Il y a du passé qui vous retombe dessus comme ça, un soir en passant. Vous faisiez juste le tri dans vos affaires, une énième fois de plus. Et puis c'est venu d'un coup. De nul part. Après deux ans encore, c'est un coup dans le gueule. Bien qu'étrange.

Il y a fort longtemps, parmi ces lettres que je ne t'ai jamais envoyées

*

Je suis désolée.
trois mots comme ça, pas si anodin quand on sait à quoi s'en tenir. trois mots ça peut faire très mal parfois, surtout si c'est mal dit. Surtout quand ils sont bien placés. Trois mots, c'est pas grand chose finalement mais ça peut faire tellement.

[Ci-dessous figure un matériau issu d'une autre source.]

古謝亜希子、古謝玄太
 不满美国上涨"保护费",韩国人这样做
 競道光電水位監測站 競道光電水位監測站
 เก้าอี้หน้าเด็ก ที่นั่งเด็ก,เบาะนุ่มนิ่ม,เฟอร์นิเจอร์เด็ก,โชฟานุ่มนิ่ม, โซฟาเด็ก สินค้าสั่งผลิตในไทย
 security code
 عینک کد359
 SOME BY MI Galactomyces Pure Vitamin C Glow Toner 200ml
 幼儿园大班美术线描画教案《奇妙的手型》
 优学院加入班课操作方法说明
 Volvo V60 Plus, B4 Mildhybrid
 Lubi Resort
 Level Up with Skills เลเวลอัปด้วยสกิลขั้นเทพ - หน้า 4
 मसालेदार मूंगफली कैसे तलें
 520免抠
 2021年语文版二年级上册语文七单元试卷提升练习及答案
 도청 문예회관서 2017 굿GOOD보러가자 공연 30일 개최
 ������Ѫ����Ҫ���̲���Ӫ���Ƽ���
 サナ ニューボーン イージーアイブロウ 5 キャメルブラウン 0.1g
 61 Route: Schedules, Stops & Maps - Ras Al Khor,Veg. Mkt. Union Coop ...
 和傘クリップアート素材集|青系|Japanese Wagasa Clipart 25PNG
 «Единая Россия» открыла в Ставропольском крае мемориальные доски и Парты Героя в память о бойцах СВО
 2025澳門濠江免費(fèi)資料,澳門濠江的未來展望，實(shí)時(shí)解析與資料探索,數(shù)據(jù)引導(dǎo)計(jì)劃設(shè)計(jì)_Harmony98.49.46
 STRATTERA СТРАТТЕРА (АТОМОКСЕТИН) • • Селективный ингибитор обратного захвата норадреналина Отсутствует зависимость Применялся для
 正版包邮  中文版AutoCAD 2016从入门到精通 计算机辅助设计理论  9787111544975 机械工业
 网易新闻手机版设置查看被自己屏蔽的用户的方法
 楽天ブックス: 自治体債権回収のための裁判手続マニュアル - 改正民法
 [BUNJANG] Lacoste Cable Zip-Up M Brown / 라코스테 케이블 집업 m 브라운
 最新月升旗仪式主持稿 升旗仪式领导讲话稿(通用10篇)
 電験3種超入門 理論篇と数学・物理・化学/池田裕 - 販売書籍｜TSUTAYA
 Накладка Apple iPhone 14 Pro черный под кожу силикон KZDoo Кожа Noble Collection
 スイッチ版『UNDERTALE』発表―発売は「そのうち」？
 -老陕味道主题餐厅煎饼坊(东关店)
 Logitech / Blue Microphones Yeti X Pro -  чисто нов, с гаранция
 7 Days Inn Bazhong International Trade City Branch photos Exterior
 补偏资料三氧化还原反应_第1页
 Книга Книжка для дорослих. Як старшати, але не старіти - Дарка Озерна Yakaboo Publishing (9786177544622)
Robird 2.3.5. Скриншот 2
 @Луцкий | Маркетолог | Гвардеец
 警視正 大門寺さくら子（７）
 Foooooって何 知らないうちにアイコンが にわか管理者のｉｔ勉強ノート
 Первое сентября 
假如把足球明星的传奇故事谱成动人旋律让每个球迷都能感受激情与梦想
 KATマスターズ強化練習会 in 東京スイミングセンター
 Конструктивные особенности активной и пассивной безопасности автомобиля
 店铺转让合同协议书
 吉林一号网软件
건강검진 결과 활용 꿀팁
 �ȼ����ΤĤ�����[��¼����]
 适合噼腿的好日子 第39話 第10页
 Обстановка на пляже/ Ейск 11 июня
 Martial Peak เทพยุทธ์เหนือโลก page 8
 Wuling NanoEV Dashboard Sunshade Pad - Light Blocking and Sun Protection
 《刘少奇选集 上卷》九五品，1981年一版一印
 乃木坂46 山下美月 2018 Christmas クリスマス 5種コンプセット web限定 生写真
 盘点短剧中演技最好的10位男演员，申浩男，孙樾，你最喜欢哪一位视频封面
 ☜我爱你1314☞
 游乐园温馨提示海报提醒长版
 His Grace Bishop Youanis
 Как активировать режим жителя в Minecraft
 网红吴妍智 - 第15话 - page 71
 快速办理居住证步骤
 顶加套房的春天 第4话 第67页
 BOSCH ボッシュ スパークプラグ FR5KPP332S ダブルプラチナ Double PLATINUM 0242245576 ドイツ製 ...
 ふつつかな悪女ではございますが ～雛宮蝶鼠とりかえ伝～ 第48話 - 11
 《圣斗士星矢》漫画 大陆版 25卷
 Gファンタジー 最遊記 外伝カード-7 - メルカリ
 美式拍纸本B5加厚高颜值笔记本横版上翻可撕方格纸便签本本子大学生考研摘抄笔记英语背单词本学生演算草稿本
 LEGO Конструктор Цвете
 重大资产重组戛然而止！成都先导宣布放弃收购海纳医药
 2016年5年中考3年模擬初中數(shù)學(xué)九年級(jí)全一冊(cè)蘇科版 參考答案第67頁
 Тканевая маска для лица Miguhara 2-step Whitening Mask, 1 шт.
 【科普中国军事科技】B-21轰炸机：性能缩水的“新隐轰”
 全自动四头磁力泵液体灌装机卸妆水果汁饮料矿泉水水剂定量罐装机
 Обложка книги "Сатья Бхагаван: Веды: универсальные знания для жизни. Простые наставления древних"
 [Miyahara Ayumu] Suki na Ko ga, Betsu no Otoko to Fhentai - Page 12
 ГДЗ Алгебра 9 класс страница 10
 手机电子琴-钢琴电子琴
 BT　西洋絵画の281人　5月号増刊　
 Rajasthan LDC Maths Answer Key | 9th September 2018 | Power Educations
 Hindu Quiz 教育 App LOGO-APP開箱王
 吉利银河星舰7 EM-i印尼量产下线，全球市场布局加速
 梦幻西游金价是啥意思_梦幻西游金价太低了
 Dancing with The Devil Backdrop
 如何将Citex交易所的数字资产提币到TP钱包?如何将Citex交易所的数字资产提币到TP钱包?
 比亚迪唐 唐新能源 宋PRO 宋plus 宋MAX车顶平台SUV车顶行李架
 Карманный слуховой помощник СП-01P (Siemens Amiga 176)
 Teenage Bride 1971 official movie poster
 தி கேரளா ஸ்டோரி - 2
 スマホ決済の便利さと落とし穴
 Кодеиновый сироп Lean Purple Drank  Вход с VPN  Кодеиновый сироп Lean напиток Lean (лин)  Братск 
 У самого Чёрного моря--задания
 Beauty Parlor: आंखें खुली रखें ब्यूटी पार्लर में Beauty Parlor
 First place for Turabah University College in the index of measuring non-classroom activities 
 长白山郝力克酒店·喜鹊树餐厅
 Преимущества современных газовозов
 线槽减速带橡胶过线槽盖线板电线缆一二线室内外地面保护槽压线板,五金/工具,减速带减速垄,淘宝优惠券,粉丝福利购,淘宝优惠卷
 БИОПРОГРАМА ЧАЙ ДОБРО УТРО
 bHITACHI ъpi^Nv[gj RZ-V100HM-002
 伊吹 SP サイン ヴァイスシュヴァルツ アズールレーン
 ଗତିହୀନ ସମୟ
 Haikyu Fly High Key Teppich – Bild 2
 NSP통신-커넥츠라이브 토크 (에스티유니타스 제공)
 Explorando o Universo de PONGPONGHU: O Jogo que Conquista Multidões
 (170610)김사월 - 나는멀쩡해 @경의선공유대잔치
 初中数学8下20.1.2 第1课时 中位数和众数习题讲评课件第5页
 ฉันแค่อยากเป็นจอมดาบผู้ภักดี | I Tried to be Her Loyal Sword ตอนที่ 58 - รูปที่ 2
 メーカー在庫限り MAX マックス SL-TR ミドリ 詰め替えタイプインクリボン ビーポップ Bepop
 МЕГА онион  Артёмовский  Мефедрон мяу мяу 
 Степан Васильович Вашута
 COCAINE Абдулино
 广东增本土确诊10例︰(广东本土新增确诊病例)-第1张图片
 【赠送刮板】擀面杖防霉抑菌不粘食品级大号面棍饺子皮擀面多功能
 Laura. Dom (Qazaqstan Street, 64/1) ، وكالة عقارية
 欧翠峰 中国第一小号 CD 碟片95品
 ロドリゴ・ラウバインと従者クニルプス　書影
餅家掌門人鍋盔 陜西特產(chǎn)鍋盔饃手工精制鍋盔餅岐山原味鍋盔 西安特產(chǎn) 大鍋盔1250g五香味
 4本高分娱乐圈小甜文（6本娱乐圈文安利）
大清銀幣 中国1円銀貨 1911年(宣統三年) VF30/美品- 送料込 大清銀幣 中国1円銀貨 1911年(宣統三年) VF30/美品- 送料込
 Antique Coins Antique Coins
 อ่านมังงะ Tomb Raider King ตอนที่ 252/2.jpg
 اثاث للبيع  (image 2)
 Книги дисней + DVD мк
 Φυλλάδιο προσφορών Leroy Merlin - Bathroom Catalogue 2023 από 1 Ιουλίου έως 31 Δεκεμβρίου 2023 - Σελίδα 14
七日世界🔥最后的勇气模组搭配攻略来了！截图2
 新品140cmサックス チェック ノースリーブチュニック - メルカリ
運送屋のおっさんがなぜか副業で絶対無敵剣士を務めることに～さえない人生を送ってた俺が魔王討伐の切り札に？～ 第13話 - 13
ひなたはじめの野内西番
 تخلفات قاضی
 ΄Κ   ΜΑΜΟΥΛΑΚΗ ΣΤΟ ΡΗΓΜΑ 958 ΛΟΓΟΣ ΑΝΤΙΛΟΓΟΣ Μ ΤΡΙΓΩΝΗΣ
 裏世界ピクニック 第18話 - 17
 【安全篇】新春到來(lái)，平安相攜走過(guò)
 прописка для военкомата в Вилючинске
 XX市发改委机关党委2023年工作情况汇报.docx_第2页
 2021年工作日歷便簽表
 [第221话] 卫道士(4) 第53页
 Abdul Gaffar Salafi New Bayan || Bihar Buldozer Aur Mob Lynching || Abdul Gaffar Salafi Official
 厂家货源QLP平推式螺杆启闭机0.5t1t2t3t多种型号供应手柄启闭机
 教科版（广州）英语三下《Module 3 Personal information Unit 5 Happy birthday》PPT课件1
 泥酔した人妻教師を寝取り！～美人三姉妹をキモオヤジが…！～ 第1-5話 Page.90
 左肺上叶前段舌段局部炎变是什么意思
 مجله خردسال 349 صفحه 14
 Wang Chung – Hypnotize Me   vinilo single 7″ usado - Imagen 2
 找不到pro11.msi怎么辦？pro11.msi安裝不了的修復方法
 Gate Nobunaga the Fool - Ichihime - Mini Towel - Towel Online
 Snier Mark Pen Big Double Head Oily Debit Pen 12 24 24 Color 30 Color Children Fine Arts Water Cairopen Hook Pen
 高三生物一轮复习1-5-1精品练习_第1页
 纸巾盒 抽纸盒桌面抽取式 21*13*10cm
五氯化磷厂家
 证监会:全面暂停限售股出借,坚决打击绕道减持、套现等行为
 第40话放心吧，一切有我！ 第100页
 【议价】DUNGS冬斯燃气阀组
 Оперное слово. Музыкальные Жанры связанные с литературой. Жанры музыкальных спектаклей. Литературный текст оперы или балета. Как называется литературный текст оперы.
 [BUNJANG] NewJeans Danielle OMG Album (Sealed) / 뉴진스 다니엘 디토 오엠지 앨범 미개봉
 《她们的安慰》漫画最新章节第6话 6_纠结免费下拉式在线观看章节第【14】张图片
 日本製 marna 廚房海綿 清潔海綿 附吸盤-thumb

Je suis désolée parce que te l'annoncer de la sorte ce n'est pas forcément ce que j'espérais. Et toi non plus j'imagine. Alors je m'en excuse. De te l'avoir dit trop tard. Seulement maintenant. Où est ce encore peut-être trop tôt ... De ne toujours pas savoir faire la part des choses. Comprends tu mes intentions ? Je suis désolée parce que les choses ne devraient jamais se passer de la sorte. Parce que tu penseras sûrement que j'aurais pu te le dire en face, mais tu n'imagine pas qu'à moi aussi ça puisse me faire mal. Désolée parce que tu auras sûrement raison. Je suis un peu lâche ce soir.

Ne m'en veux pas car je semble être la seule à voir les mauvais côtés qui arrivent. Excuse moi encore parce que je suis la seule à ne plus en redemander. Parce que malgré tout tu auras l'impression que je t'ai mené en bateau alors que c'est le bateau qui a fini par me prendre en otage. Désolée d'être la méchante de l'histoire, alors que tu as toujours pensé être le Grand méchant loup. Désolée de me sentir fautive mais si sincère à la fois.